Posts Tagged 'Parsing'

Weak AI to Step against Context Free Grammars?

This article stems from a practical problem. If you’re worried I’ll be barking up my own tree, you are right. Otherwise, read on and bark along.

My new code editor is now available for trying out. ee-ide doesn’t boast much for now, but the underlying application platform, Kippu (?Kiphu) – based on a trial F* implementation, is more than promising, and I feel encouraged given a mere 52 hours logged into my project manager.

When quoting that I write development tools, I often meet a do we need another IDE shrug kinda thing. People just quote Eclipse and Netbeans, or backtrack to IntelliJ.

I beg to differ. Have a look at Antegram for web or Antegram for java and you’ll get a feel of how alluringly different an IDE can be.

Now to the point. ee-ide is a kind of prequel to Antegram. Since I dropped XML annotated code for now (just for now), I may have to give in a little to the establishment:

  • Syntax highlighting
  • Code validation
  • Hinted typing (e.g: displaying a drop down menu showing all functions available from a given variable)

I can’t really dedicate time to each and every language out there, and a soon to be, fast and ready extension framework won’t allow me to just sit and wait (for somebody else to integrate parsing functionality on a case basis). Instead, I’ll be looking for simple analysis techniques to help me providing fairly reliable services.
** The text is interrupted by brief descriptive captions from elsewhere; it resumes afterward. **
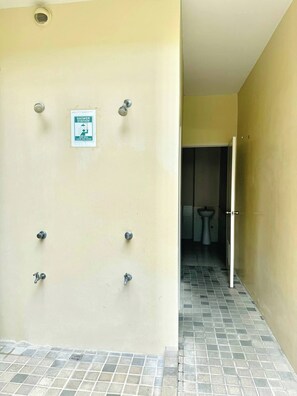 Interior - Comfy Sanctuary + Memory Foam w/ 400mbps WiFi, Netflix, Disney+, & Prime Videos (Silang)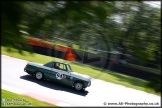 Speedfest_Brands_Hatch_06-06-15_AE_183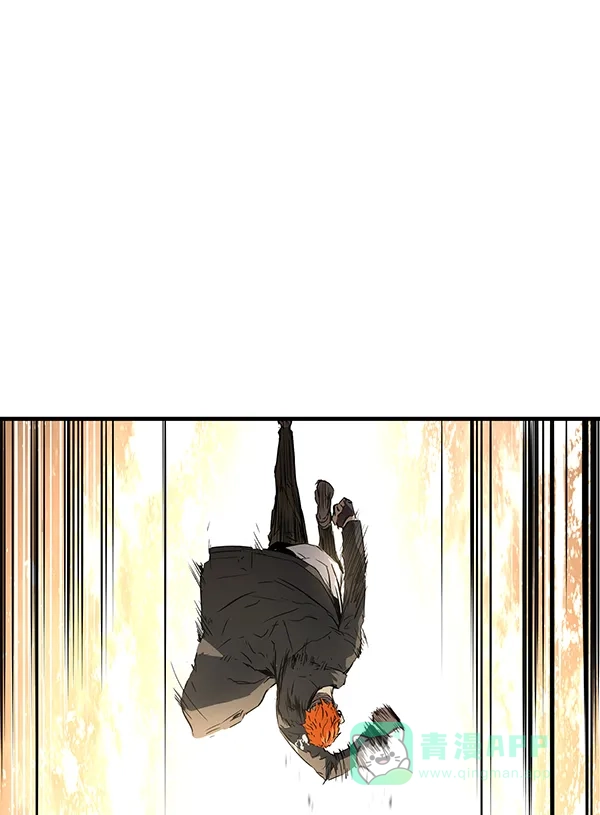 《兰若怪谈》第85话 第113页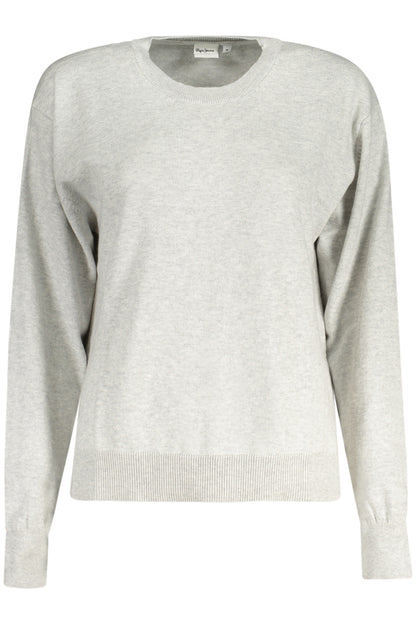 PEPE JEANS MAGLIA DONNA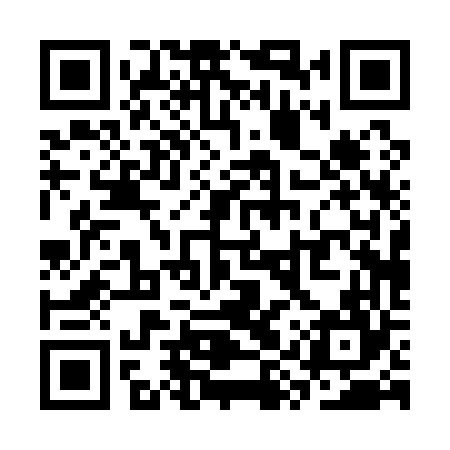 QR code for SYP164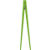 ClothspinChopstickGreen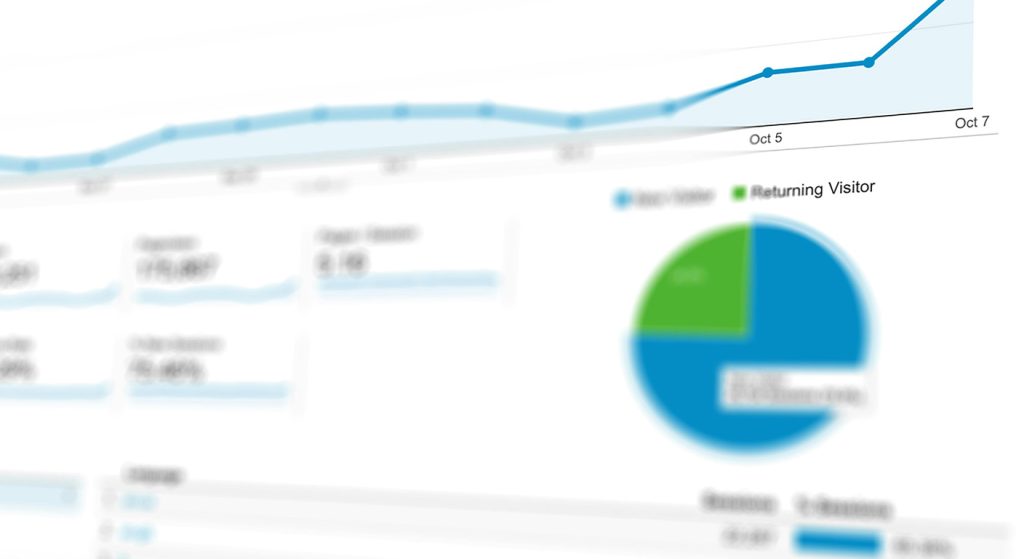 Real Results-How Fast Fulfillment Impacts Your Bottom Line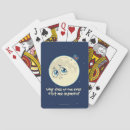 Buscar triste barajas de cartas Divertido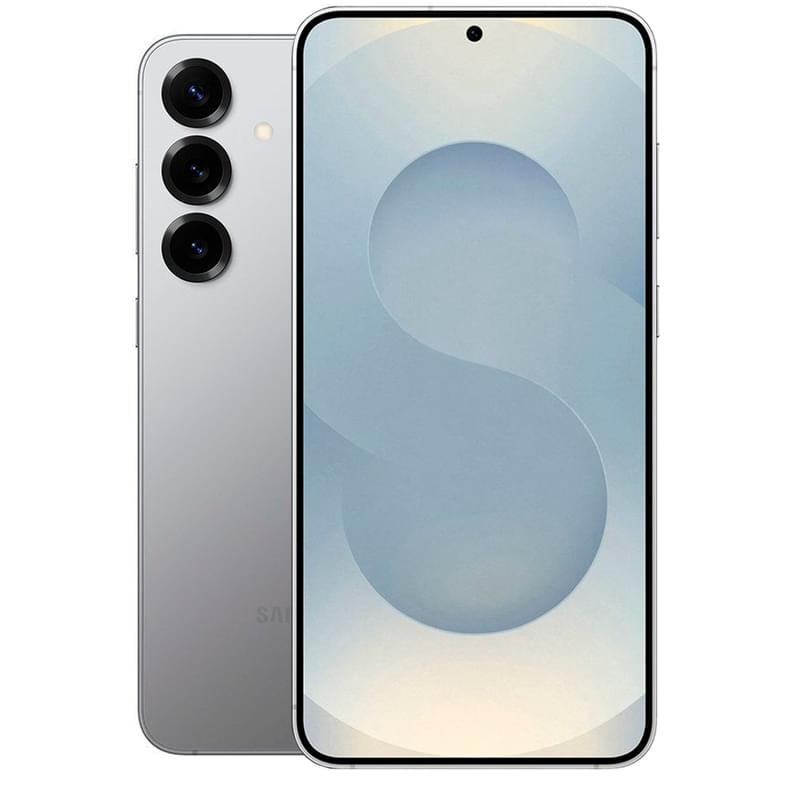 Samsung Galaxy S25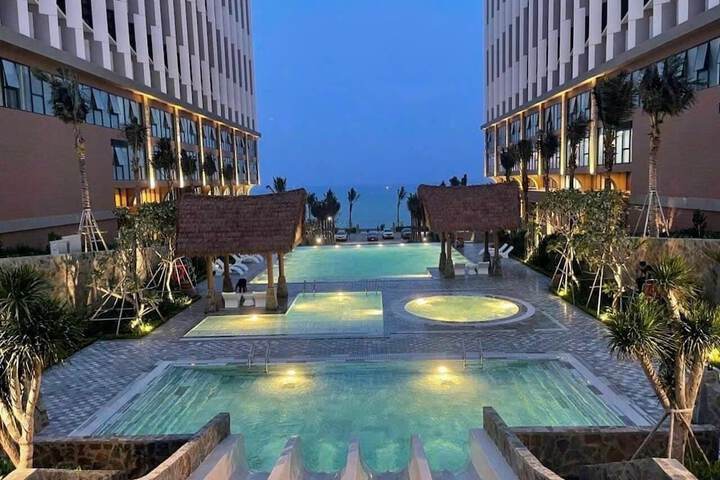 Pool 55 of 63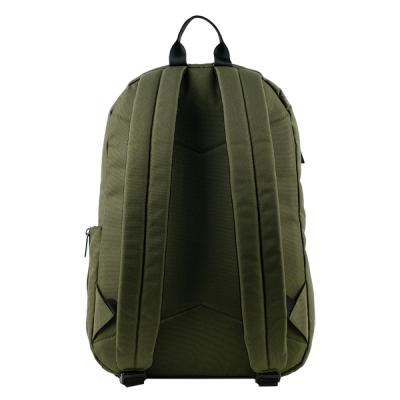 ზურგჩანთა GoPack Education Teens GO24-140L-3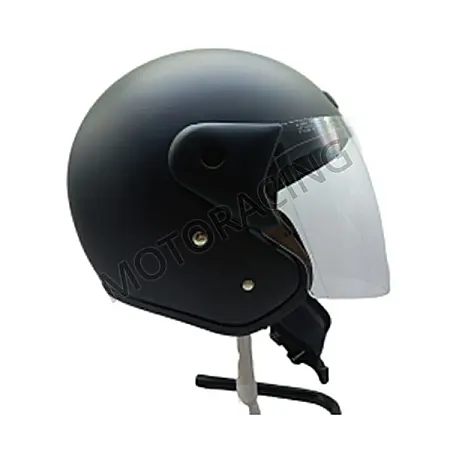 ΚΡΑΝΟΣ ΜΗΧΑΝΗΣ ΑΝΟΙΧΤΟ ZEUS 506 MAYΡΟ ΜΑΤ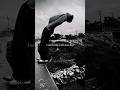 Kamin EMIN JONY рџ Aesthetic Lyrical Song Lyrics Edit Whatsappstatus Music Kamin EMIN JONY рџ Aesthetic Lyrical Song Lyrics Edit Whatsappstatus Music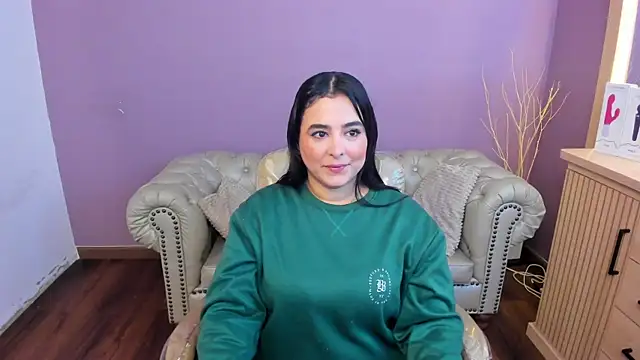 taylor bennet online show from 11-27-25, 11:43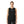 Active Top Merino 140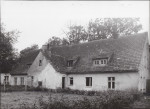 Ewidencja parkowa, skan nr 19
For example:

  • Discovering language tokens – An example of that is when a token appears in all, or nearly all, files of a given type.
  • Semantic closure – a name occuring only once in a file is a sign that something’s going on. It could be that the name hasn’t been spelled correctly, or it could be that the name is defined elsewhere (for example, in a file referred by name in the current source file)
  • Terminals – given correct productions in a given language, we can surely evaluate with fair confidence what does (and doesn’t) count as a valid line terminal.
  • Brackets – even if we don’t know what bracketting style is used outfront, we can use valid code to detect ‘immutable pairs’ that constitute brackets in a given language.
  • Foreign forms – just today, a colleague pointed out my giving into old habits by declaring variables using C++/Java syntax. Unfortunately I meant writing AS3 code. This kind of error shouldn’t be too hard to spot, even without language specific knowledge.

I’ll definitely have some fun trying to write reliable solutions using generic strategies, and I hope the result will match my expectations.

Finally comes the question: why should somebody use ‘rough and ready’ technology while the competition uses strict parsers that get it right every time? Three answers to that:

  1. Rules versus Practice – where a strict parser lets you write any code, a soft parser willl potentially endorse good practices – what might be perfectly OK according to a parser may amount to poorly formatted, awkward code, and the soft parser will let you know.
  2. Graceful performance degradation – even if your code is a weird avatar of an existing language that doesn’t really compile until it gets processed in some way, or code written in a really obscure language, a soft parser is more likely to discover (and respect) patterns idiosyncratic to your source files without giving up on validation altogether.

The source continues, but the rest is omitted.